Send back exactly the lines from the opening line of the records below through the one with "Hello, we're looking".

--- --- ---

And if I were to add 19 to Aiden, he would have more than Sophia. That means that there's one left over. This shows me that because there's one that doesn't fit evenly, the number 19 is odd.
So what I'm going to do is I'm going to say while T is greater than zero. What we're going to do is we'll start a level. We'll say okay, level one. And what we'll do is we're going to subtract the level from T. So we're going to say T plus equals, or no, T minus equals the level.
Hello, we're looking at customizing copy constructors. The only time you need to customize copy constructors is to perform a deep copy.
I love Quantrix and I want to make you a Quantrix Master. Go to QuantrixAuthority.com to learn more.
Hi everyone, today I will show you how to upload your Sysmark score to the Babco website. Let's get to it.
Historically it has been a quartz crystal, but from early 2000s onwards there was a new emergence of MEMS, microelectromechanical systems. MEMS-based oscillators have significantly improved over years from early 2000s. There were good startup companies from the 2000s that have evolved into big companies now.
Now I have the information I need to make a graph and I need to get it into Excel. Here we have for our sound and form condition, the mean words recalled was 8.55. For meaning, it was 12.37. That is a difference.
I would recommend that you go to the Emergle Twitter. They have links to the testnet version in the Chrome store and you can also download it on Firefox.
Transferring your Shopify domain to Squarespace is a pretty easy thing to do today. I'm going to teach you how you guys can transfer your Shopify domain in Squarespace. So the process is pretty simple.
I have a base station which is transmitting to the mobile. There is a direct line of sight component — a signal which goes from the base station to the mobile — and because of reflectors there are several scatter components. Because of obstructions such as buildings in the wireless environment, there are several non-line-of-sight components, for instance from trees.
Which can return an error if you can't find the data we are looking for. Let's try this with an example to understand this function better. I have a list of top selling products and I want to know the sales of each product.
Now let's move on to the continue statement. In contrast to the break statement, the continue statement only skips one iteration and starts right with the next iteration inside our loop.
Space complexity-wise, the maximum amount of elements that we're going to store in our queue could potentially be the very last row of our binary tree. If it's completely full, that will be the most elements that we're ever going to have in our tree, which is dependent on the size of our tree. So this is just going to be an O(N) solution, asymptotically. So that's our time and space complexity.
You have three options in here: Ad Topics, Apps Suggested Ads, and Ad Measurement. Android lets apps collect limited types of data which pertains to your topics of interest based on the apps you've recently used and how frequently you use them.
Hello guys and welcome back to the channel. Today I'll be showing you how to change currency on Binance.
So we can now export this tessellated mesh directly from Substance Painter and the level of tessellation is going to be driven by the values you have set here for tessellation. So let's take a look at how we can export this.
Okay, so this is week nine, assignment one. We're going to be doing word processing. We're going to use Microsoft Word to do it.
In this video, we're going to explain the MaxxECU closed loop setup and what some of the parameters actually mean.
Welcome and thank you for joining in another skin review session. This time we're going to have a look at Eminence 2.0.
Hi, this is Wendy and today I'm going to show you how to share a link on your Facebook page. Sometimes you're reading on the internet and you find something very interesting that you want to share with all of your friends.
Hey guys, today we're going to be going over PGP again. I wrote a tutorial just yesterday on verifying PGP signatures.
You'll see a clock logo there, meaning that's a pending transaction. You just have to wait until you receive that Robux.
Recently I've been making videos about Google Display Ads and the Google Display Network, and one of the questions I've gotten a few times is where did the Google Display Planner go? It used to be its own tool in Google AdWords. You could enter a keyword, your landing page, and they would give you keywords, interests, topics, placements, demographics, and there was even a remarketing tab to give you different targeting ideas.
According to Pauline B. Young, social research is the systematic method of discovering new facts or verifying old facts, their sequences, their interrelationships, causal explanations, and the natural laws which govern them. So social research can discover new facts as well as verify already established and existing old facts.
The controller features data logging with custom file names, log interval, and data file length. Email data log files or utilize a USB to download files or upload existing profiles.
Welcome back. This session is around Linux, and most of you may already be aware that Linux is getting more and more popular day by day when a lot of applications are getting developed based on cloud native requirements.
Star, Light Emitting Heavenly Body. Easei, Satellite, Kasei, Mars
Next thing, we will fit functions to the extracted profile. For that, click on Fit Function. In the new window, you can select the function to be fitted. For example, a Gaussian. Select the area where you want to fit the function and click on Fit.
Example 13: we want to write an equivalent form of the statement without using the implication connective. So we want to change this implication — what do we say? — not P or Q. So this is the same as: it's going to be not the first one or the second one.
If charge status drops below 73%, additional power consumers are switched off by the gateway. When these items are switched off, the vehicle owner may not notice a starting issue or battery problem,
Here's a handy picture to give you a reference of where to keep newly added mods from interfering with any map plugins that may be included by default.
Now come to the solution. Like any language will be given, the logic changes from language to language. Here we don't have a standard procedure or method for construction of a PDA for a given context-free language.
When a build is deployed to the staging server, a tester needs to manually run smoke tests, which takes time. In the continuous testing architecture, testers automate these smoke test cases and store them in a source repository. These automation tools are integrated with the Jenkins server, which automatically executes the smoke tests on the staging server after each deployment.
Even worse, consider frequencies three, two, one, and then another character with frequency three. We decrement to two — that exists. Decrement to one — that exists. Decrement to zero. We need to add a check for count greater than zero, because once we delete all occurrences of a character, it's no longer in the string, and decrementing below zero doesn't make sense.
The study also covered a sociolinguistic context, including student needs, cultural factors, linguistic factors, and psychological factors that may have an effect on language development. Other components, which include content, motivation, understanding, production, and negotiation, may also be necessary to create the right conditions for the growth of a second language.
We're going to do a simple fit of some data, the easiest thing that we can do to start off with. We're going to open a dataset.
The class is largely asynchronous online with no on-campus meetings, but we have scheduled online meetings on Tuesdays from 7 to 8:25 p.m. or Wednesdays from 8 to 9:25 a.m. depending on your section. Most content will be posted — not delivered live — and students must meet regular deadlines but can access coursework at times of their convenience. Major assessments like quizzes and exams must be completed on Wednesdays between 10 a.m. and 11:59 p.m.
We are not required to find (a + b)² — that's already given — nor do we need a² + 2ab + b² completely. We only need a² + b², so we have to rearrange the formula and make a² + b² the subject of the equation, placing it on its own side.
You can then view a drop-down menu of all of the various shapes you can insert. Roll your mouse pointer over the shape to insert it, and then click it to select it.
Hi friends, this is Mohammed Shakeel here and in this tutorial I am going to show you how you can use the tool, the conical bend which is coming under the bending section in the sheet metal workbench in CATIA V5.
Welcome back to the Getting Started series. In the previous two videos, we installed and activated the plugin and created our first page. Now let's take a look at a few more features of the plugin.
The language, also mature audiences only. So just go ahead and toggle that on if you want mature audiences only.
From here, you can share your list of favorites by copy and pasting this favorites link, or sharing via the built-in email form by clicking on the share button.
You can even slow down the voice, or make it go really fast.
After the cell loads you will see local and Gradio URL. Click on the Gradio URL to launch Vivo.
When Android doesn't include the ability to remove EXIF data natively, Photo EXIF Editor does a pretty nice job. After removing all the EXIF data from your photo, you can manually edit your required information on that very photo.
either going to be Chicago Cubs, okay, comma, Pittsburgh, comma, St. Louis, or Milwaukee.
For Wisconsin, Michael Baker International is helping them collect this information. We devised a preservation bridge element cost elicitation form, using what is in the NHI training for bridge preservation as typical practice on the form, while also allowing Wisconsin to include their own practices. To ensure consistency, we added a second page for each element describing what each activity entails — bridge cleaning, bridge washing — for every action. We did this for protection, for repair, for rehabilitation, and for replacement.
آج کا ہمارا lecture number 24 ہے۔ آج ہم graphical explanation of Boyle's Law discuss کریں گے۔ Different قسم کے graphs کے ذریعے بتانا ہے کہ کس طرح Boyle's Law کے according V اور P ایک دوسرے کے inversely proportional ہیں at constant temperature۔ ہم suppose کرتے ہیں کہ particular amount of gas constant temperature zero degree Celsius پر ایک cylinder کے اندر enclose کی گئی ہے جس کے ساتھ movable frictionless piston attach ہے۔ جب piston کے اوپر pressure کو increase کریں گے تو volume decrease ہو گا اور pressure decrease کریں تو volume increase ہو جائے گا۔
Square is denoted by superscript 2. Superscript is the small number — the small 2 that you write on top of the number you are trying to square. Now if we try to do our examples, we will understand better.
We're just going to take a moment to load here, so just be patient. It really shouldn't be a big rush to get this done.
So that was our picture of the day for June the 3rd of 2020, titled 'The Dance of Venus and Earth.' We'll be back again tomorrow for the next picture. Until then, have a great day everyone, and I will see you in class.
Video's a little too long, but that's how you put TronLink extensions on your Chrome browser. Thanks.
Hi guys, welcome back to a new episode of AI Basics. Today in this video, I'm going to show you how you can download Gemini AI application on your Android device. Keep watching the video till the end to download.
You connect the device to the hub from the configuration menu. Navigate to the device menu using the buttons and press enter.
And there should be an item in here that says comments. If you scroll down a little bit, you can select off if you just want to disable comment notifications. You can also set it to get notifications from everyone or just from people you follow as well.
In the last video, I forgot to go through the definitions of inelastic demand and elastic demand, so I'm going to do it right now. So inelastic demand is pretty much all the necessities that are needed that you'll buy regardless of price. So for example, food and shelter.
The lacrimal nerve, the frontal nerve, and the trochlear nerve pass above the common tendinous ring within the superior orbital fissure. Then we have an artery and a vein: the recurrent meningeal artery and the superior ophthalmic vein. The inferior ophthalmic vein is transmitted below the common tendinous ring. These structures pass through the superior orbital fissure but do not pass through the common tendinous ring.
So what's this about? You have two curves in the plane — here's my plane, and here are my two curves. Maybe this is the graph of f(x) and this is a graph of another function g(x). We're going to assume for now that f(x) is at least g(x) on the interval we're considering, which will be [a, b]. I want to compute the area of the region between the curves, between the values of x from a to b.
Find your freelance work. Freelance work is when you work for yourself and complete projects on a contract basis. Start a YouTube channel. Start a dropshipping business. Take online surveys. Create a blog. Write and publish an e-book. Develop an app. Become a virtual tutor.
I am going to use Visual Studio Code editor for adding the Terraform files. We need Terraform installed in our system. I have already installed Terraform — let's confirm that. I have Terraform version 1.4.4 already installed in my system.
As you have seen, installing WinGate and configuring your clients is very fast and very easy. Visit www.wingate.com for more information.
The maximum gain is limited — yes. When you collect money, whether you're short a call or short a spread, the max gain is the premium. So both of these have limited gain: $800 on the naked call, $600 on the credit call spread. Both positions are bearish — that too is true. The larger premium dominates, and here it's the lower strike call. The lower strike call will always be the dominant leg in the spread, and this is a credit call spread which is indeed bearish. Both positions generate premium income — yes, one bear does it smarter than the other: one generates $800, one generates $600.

--- --- ---

## Response
And if I were to add 19 to Aiden, he would have more than Sophia. That means that there's one left over. This shows me that because there's one that doesn't fit evenly, the number 19 is odd.
So what I'm going to do is I'm going to say while T is greater than zero. What we're going to do is we'll start a level. We'll say okay, level one. And what we'll do is we're going to subtract the level from T. So we're going to say T plus equals, or no, T minus equals the level.
Hello, we're looking at customizing copy constructors. The only time you need to customize copy constructors is to perform a deep copy.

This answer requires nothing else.